Now, if you are interviewing programmers, then please, please, please, administer some programming exercises. There is an amazing number of programmers on the market with fancy resumes, fancy titles, and fancy degrees from fancy schools, who nevertheless cannot program well. You do not want to hire people like that. Any resistance to programming during the interview (e.g, "I don't program well during interviews") should be an immediate red flag.

Of course, when you ask somebody to code during the interview, be reasonable.
Many people do not remember the language syntax or the names of library functions. That's entirely ok. We either let people use some reference guide or Google, or just tell them that they should not worry syntax. To us, what matters most is algorithms, so this is what we pay attention to. You may worry more about something else, but whatever it is, make sure you carefully construct your questions to test for that, rather than just asking whatever you feel like at the moment.

2nd face-to-face interview

Now, the candidate passed your interview, and you invited him to come again to "meet the team." Sounds innocent, but this is one of the more challenging parts of the process. You've got to recognize that people have widely different interviewing skills, and sometimes even great engineers make poor interviewers.
Work with them. Agree, as a team, on which questions to ask, and who will ask them. Sit in on some interviews yourself, to make sure you are satisfied with the interview dynamics. It's often best if people interview in pairs: it takes less candidate's time and lets the interviewers to learn from each other.

The 2nd face-to-face interview is also a good time to further investigate some
personality issues. For example, the team may agree that during the interview,
one team member will try to push the candidate a bit, disagree with him strongly on some issues, and see how the candidate handles it. You don't want to go too far, but it's a useful test. Nothing kills productivity in a startup like engineers who do not know how to disagree with each other professionally.

All right, everybody has talked to the candidate, now what?
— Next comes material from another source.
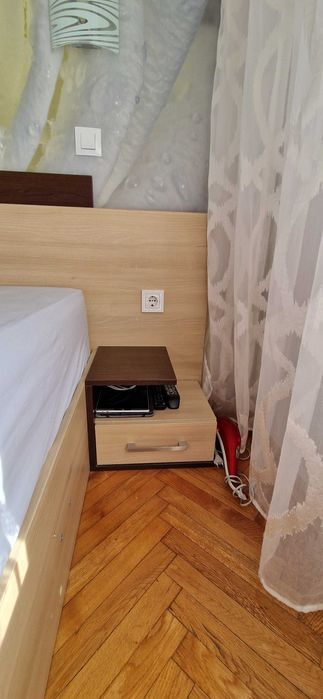 Обзавеждане за спалня без матрак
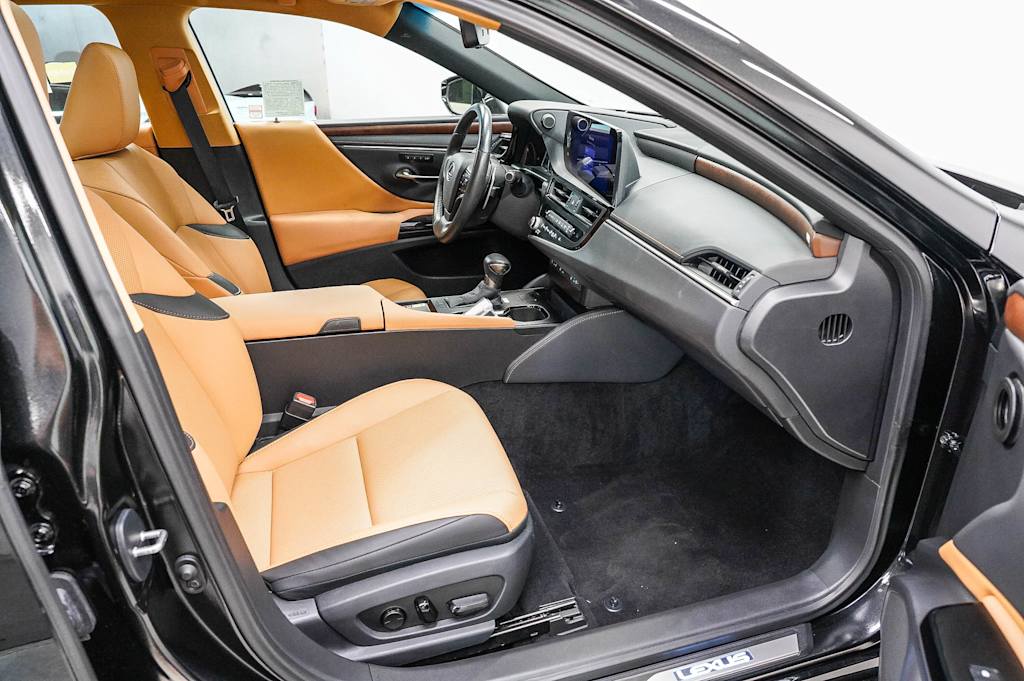 Thumbnail: 2025 Lexus ES - 9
This is the place where it's especially important to have a well-defined process. It's best to have a formal scale, on which everybody will grade the candidate. The scale we have at Coral8 was popularized by Siskel and Ebert: thumbs up, thumbs down, and we also have many gradations in between. It's not important what you have, the scale 1-10 works just as well.
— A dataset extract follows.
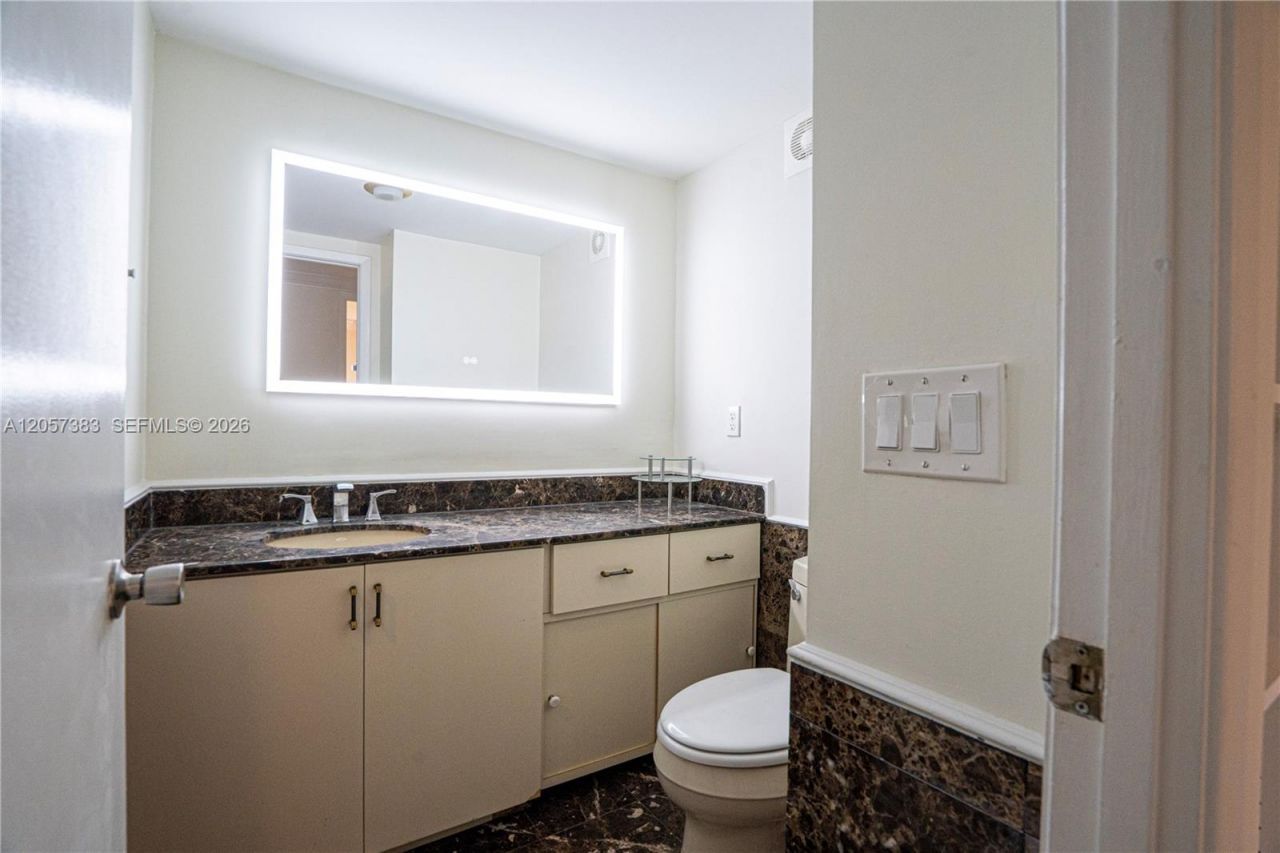 2500 Parkview Dr, Unit 616, Hallandale Beach, FL 33009 Photo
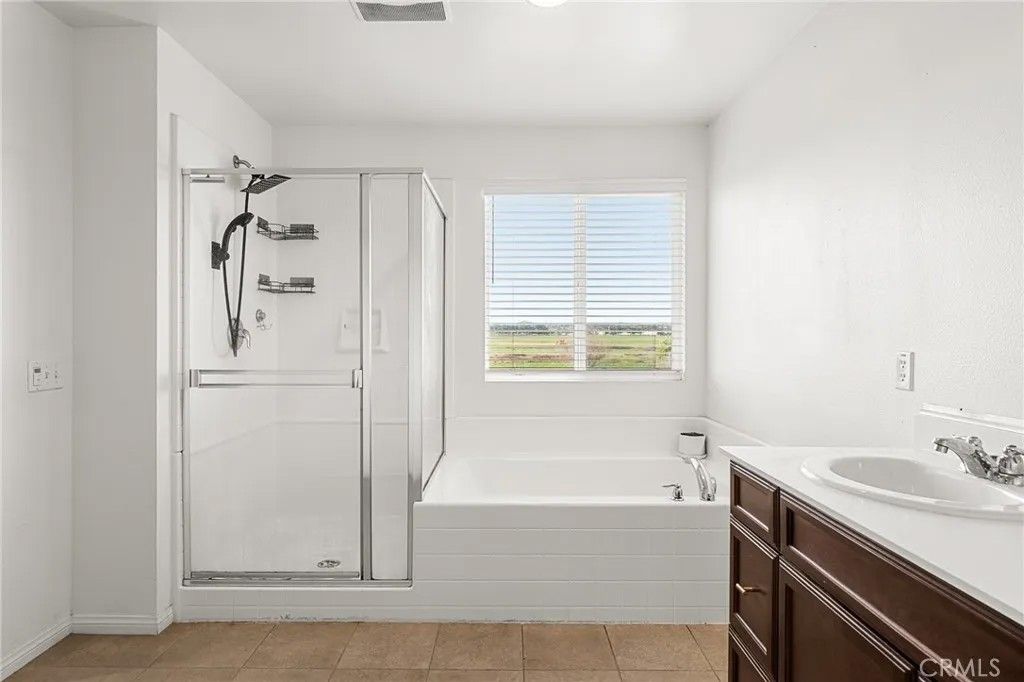 Photo of 136 Yosemite Ave, Perris, CA 92570 (MLS # IG26020906)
It also helps to have a threshold. Let's say your threshold is 7. It means that you do not want to hire anybody with the average score below 7. If you have only one serious candidate for the position, you just need to decide whether he scored above your threshold or not. If you have multiple candidates, you need to compare them to each other, using their combined scores.

How you combine the scores given by different team members is an art, not a science. You may start with simple averaging. Or you may want to say that anybody with one or two votes below the threshold is automatically disqualified.
You may also keep in mind that one person's 9 may well be another person's 6.
The ultimate decision is yours, but what's important is that you as a team talk about the candidate, and discuss what people like and dislike about the person.
During this discussion, you'll learn a lot about the candidate, and you'll learn even more about your team!
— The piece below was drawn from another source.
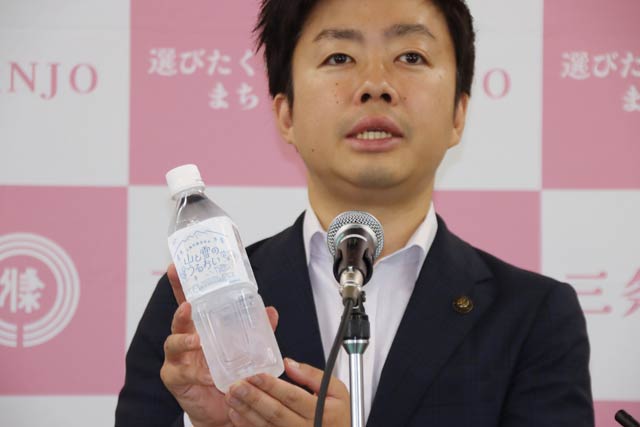 11日の定例記者会見で「「山と雪のうるおい」を紹介する滝沢市長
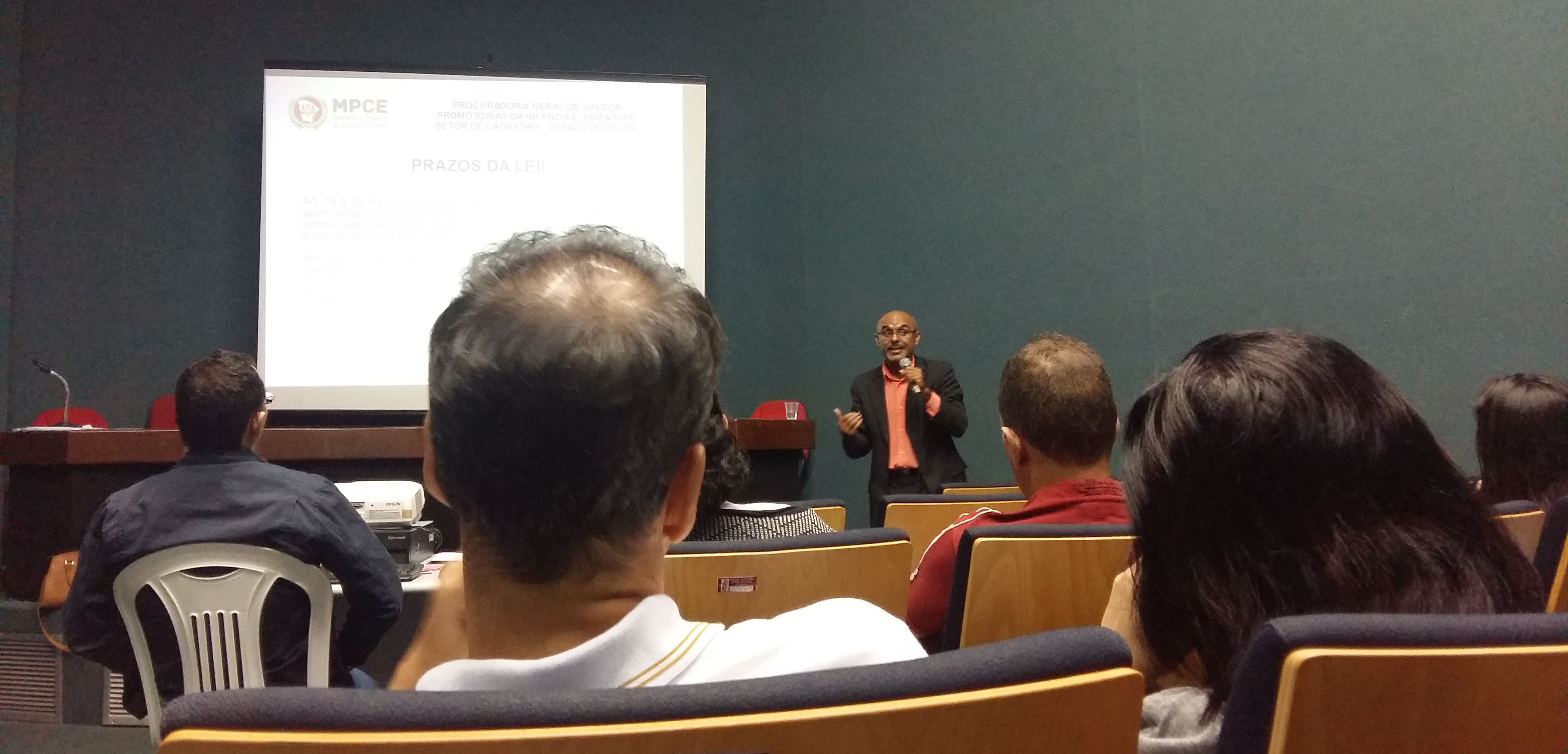 Curso no Fórum Clóvis Beviláqua orienta sobre aspectos psicossociais e jurídicos da adoção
There are many parts of the hiring process that we have not covered yet: formal reference check, informal reference check, offer negotiation, etc. The important point, however, may have nothing to do with hiring per se. To many people, the words "startup" and "process" are mutually contradictory. Processes are for Fortune 500 companies, right? Not so fast. Like it or not, there are many processes going on in any startup. You may recognize, structure, and optimize them. Or you may hope that they just work by themselves. The interviewing process is a good example of a process that will produce some results either way: after all, no startups die because they cannot hire any people at all. But there are certainly ways to make this process much more effective, efficient, and enjoyable for all participants.